Funpunker meets Sprechsänger

Bela B. und Thomas D. verheben sich an ihrer Hörbuchversion von „Faust“

Hören möchten wir am liebsten, was wir gar nicht glauben können…
J.W. Goethe: Faust. Der Tragödie zweiter Teil

Wenn zwei sich streiten, leiden Dritte. – Faust-Adaptionen sind so zahlreich wie es historische Stätten gibt, die mit dem (vermeintlichen) Aufenthalt des Dichterfürsten werben. „Das können wir auch,“ dachten sich die Musiker Thomas D. (Die Fantastischen Vier) und Bela B. (Die Ärzte) und veranstalteten einen Hördialog, bei man mit Gretchen ins Horn stoßen möchte: „Mir graut’s vor Dir!“

Es mag am anhaltenden Publikumsinteresse liegen, welches das Duo zum Rezitieren des sicherlich populärsten Goethewerks (Bearbeitung: Peter Geyer und Florian Fickel) bewogen hat. Ein solches Hörbuch darf sicherlich in keiner Fan-Sammlung fehlen und Popkultur, die sich an Klassikern abarbeitet, wirkt ja immer irgendwie gewagt. Es hätte ein schönes Projekt werden können. Denn die Idee, den Stoff auf die Wortgefechte der beiden Hauptpersonen zu reduzieren, hat – obwohl mäßig originell – ihren Reiz. Wenn man für den rastlosen, forschungseifrigen Gelehrten Faust und den spitzbübischen und -findigen Teufel Mephistopheles nur geeignete Sprecher gefunden hätte. B. und D. sind dies jedenfalls nicht und verleihen in radebrechender Rhetorik dem eigentlich lebendigen Knittelvers durch angestrengt gestelzten Vortrag eine gräuliche Künstlichkeit. Dieser erweist sich obendrein als unsauber eingesprochen, wenn sich beispielsweise Fausts Reaktion auf des Pudels Kern anhört wie „ein fahrendes Scholast“. Das hölzerne Korsett lockert auch B.’s mit Klampfe eingesungenes Mephisto’s Schlaflied wenig und selbst der modische wie falsche Apostroph hat nichts Lässiges.
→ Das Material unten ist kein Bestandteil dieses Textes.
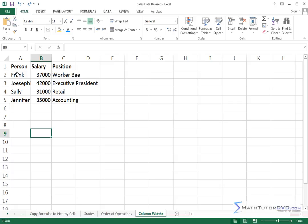We have Frank, we have Josephine, Sally and Jennifer, we have their salary and we have their position here.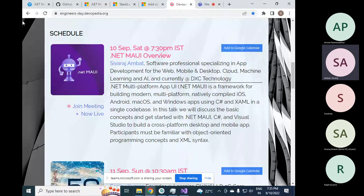Thank you very much and good evening everyone. Welcome to this overview session on .NET MAUI. I would like to thank the Devopedia team for providing me this opportunity to present the session today.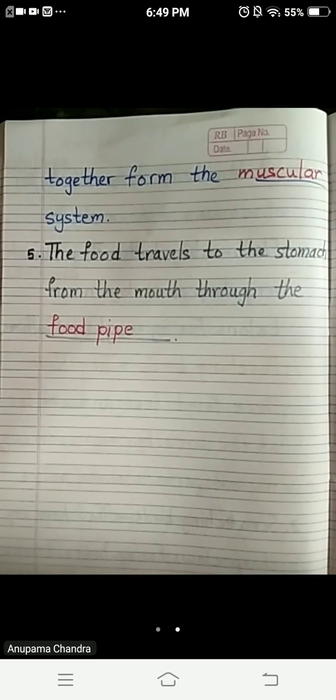So this was all for today children. We will continue the next question in the next class. Thank you.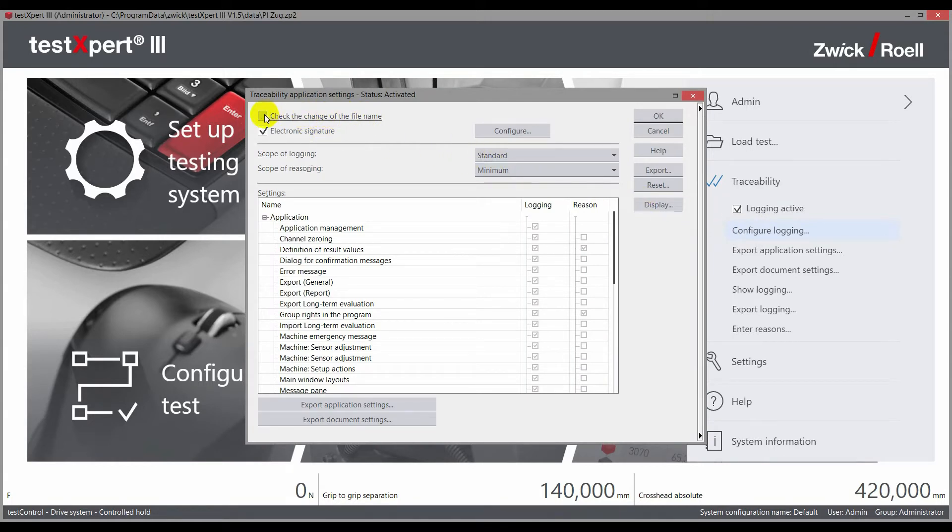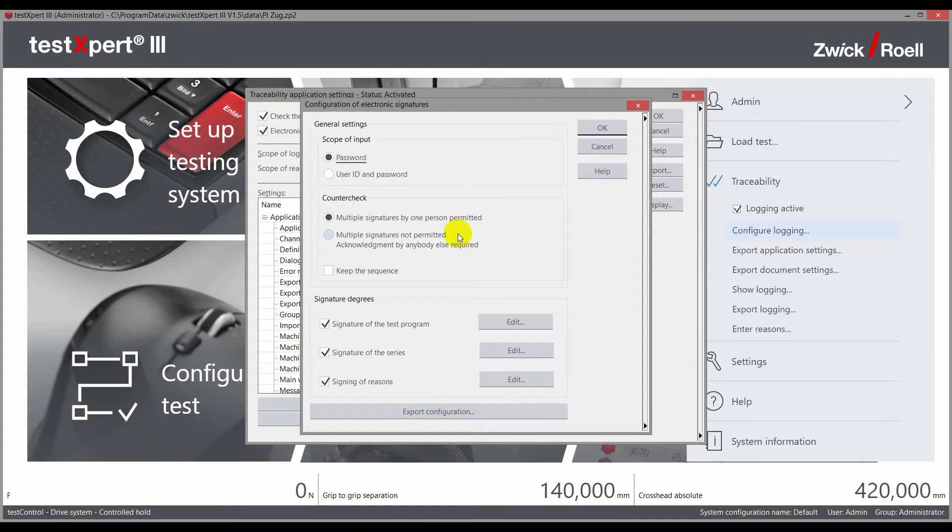In addition to basic settings for traceability, it is also possible to activate and set up an electronic signature for the data.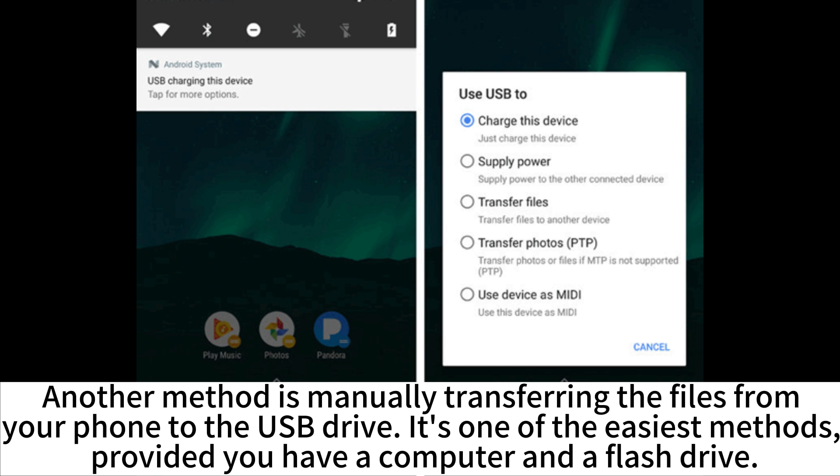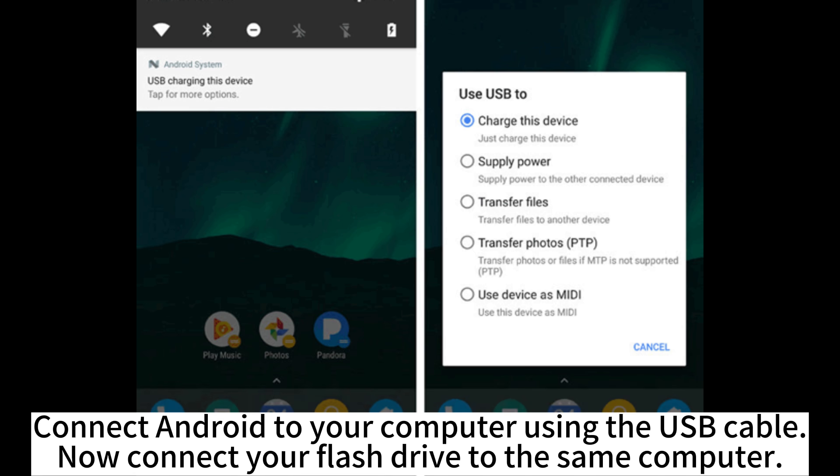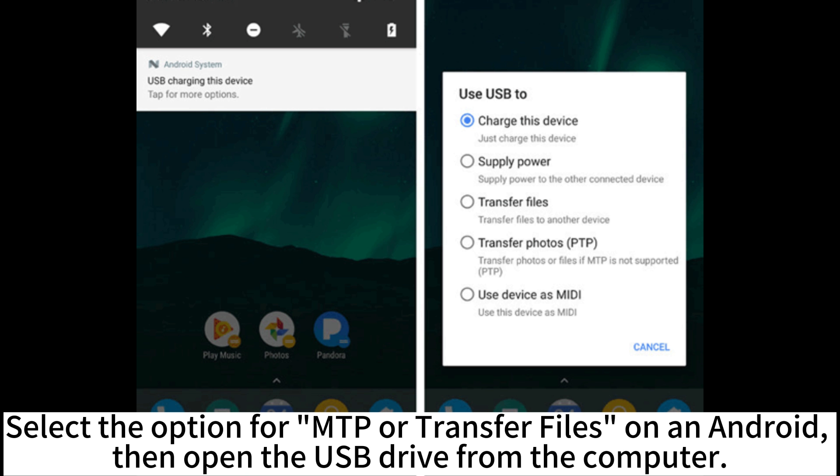Another method is manually transferring files from your phone to the USB drive, which is one of the easiest methods, provided you have a computer and a flash drive. Connect your Android to your computer using the USB cable, then connect your flash drive to the same computer. Select the option for MTP or Transfer Files on your Android.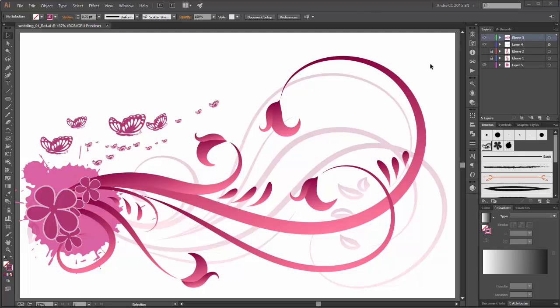Now it's finished — butterflies and splashes. Thanks for watching. If you liked this tutorial, please press thumbs up and share it with your friends. If you want to see more of my tutorials, please subscribe to my channel. Hope to see you soon.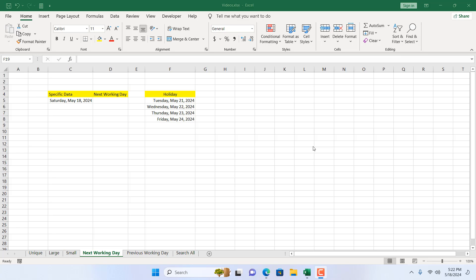How to go to the next working day in Microsoft Excel. Hello everyone, welcome to Excel 10 Tutorial. In this tutorial I'm going to show you an excellent way that will help you determine the next working day on the basis of your weekend and on the basis of your custom holidays. Let's get started.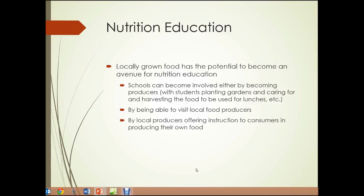Nutrition education. We'll look at some of the social issues involved with food, including health problems such as obesity, diabetes, and heart disease. Local urban food production has the potential to become an education center about nutrition. Schools can become involved by becoming producers — with students planting gardens and caring for and harvesting food to be used for lunches — by visiting local food producers to understand what real freshness and nutrition is, and by local producers offering instruction to consumers in producing their own food.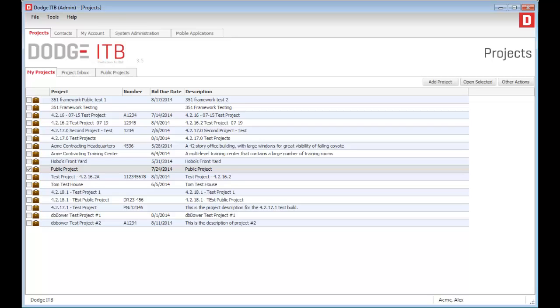The Dodge ITB app allows small and mid-sized general contractors to manage the process of defining projects, uploading documents, and inviting contacts to access their information. It also provides basic bid management tools to allow contractors to know whether their subcontractors are planning on bidding or not.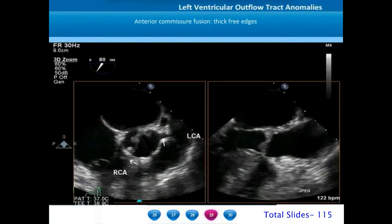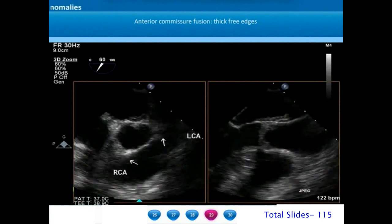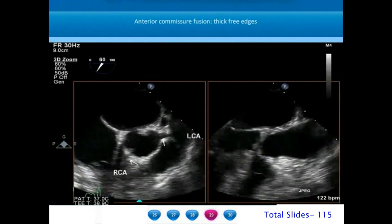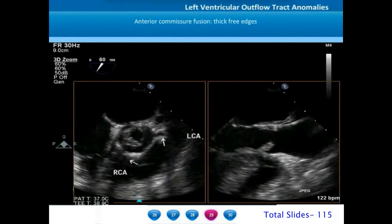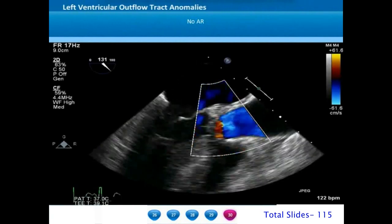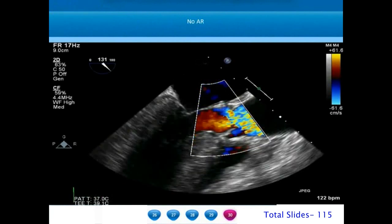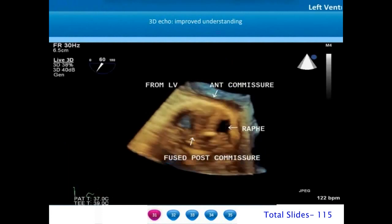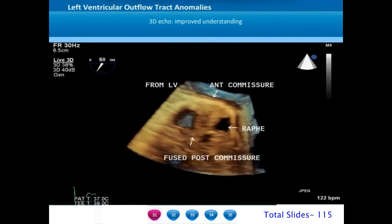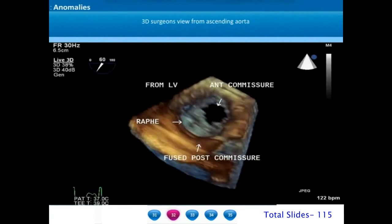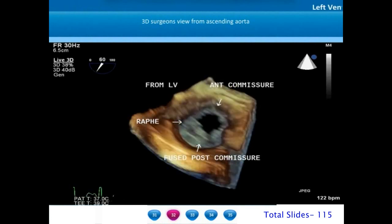On x-plane imaging we can identify both the short axis and long axis simultaneously. On short axis we identify the anterior commissure which is fused and the free edges are very thick. When free edges are very thick they usually don't get torn during valvotomy. We also need to exclude significant aortic regurgitation before resorting to aortic valve valvotomy. On three-dimensional echocardiogram the aortic view of the valve shows the fused commissure and thickened free edges far better on the 3D surgeon's view from the ascending aorta.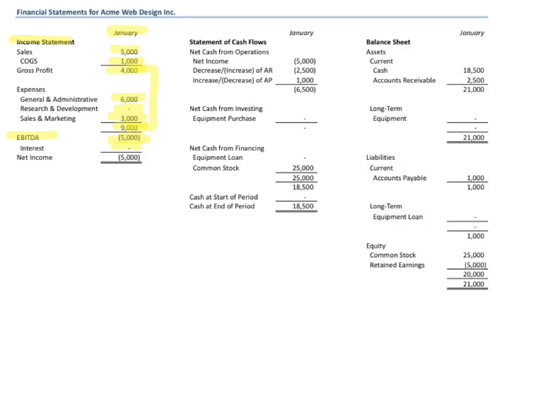We have no interest — we didn't pay anything to the bank. Therefore, our net income is a $5,000 loss, which means we didn't make any money here. That $5,000 goes over to the top of the statement of cash flows.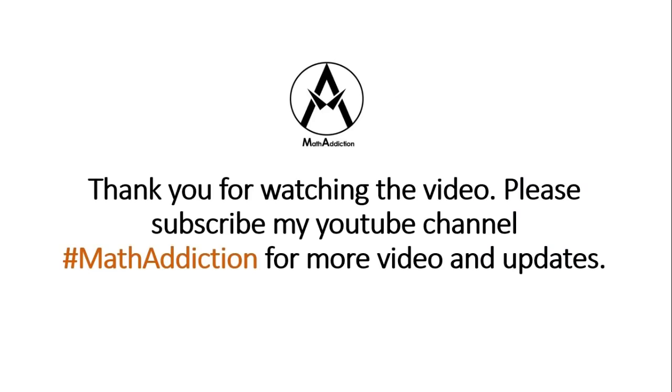This is all for this video. Hope the questions we discussed will be good for you. Thank you for watching the video. See you again.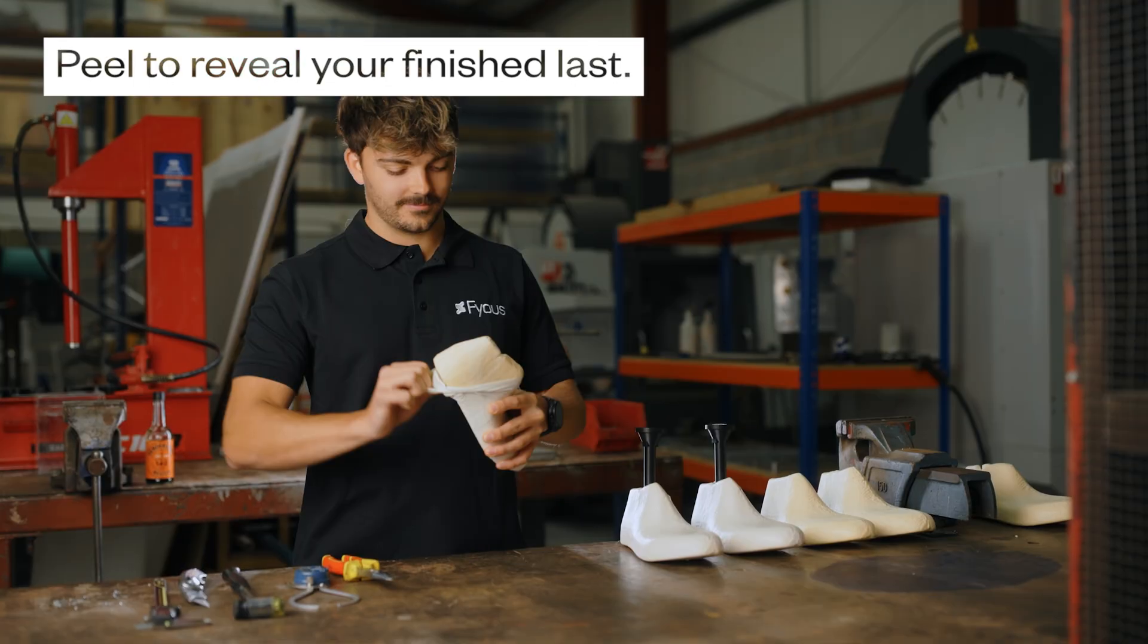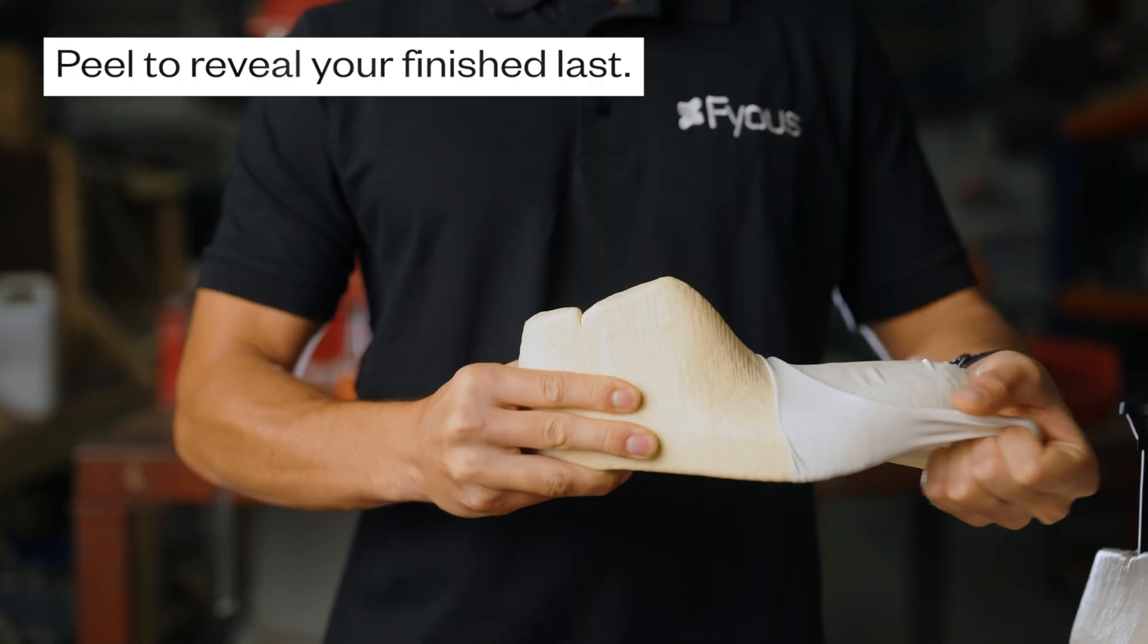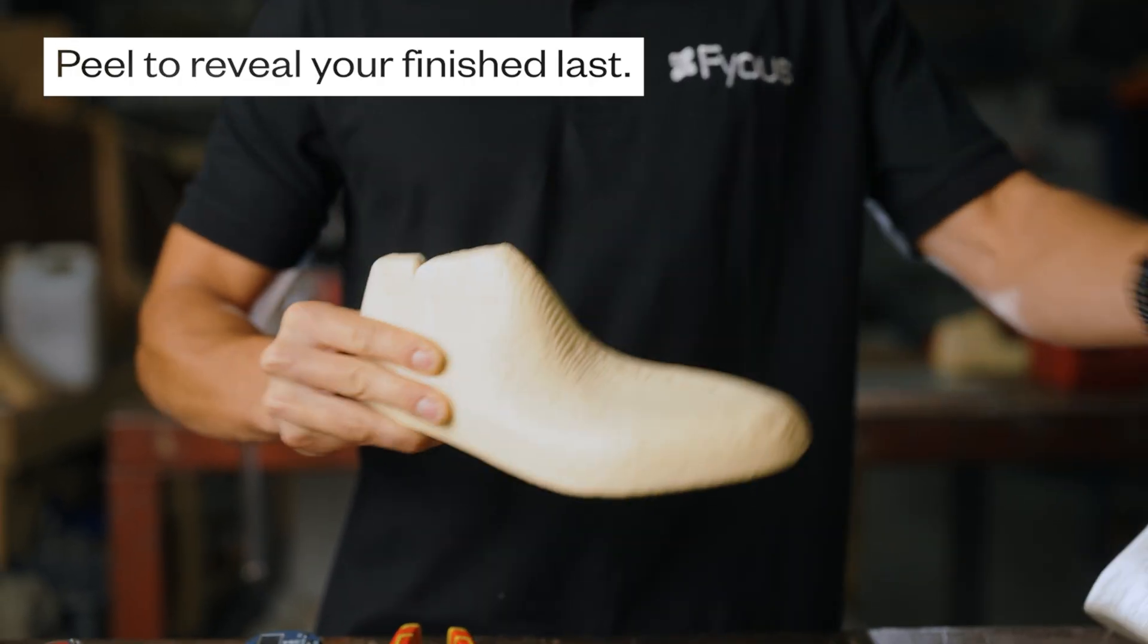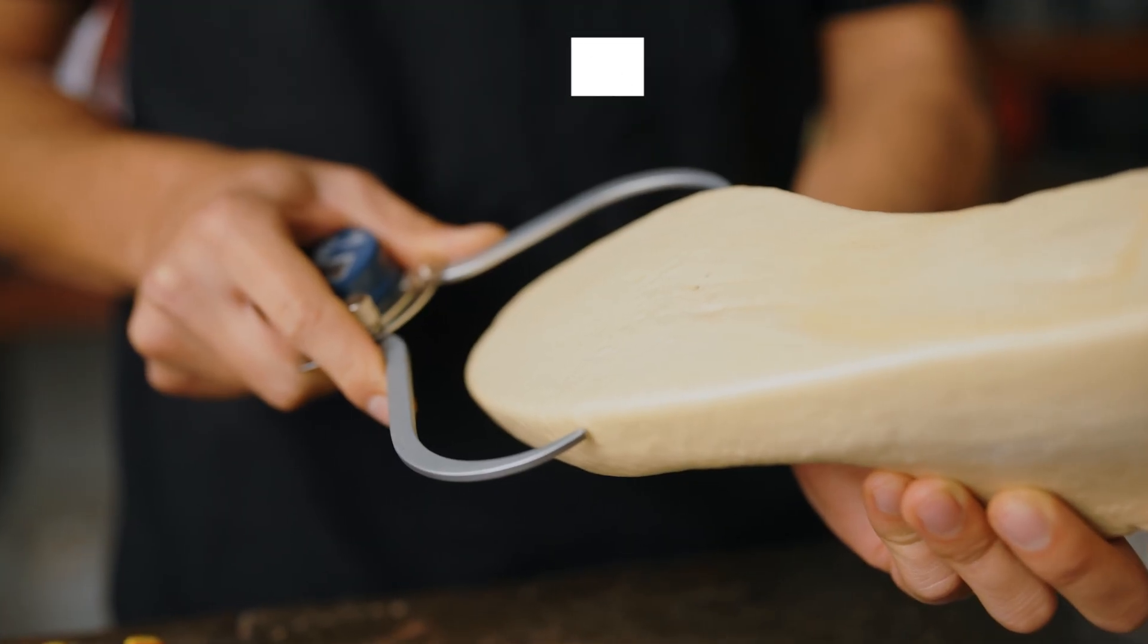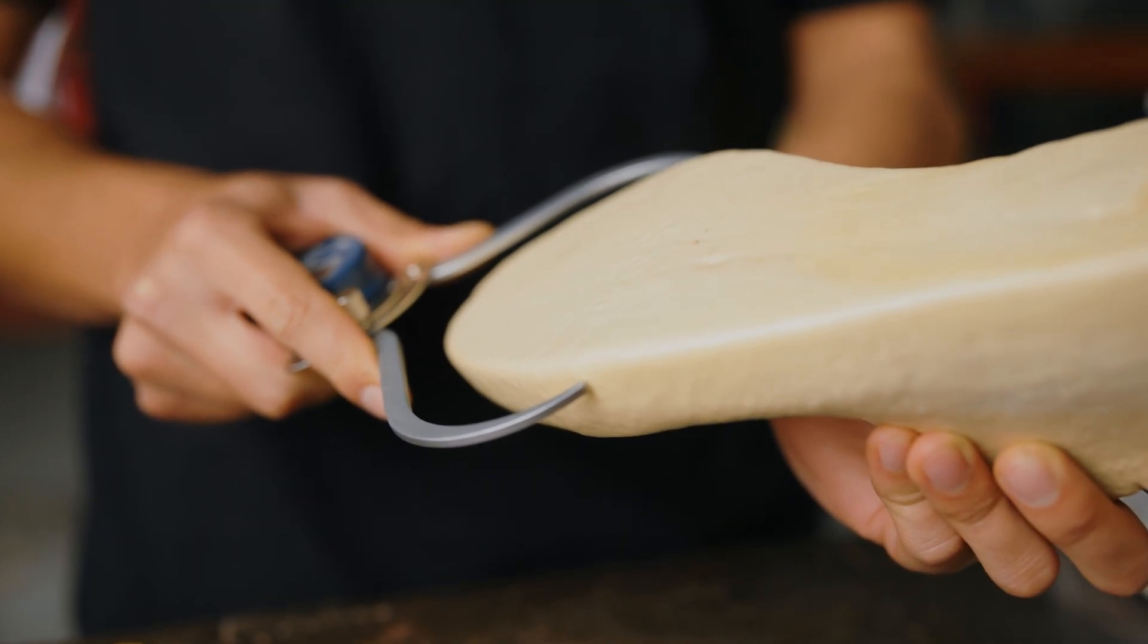Simply remove the membrane and you have your last, ready for your next stage in the production process.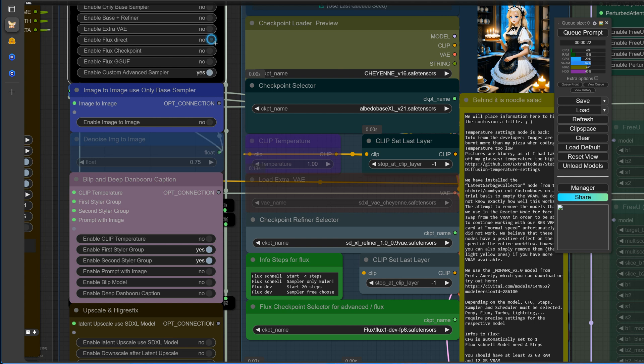If you want to use Flux Checkpoints, you'll need to select your desired checkpoint in the light green nodes here.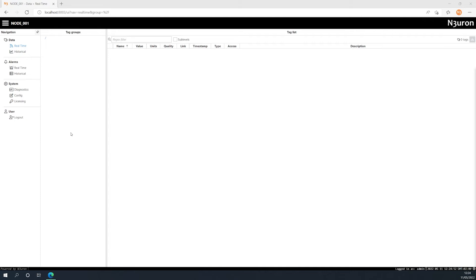This video will take you through the license activation process. To obtain a license in Neuron, the first step is to provide the UID and host where Neuron is installed.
Mephistopeles sei, so B., ein „Vorbild für jeden Rockstar“: „Mephisto ist der größte Manipulator der Weltliteratur, größer auch als Machiavelli.“ Gewiss. Und Der Fürst poesiekundiger als Goethe. Über letzteren ist sich D. sicher, dass er heutzutage Faust als Rap geschrieben hätte. Bei soviel Gedankenlosigkeit kann man froh sein, wenn die Adaption wenigstens einigen jüngeren Hörern den goethischen Klassiker ans Herz trägt, und hoffen, dass die CD als pädagogische Maßnahme fruchtet. Eine solche Medizin schmeckt bekanntlich selten. Wenn sie einem den Faust derart aufs Auge drücken, besser: um die Ohren hauen, bleibt ansonsten nur der fromme Wunsch: Schuster bleibt bei Euren Leisten!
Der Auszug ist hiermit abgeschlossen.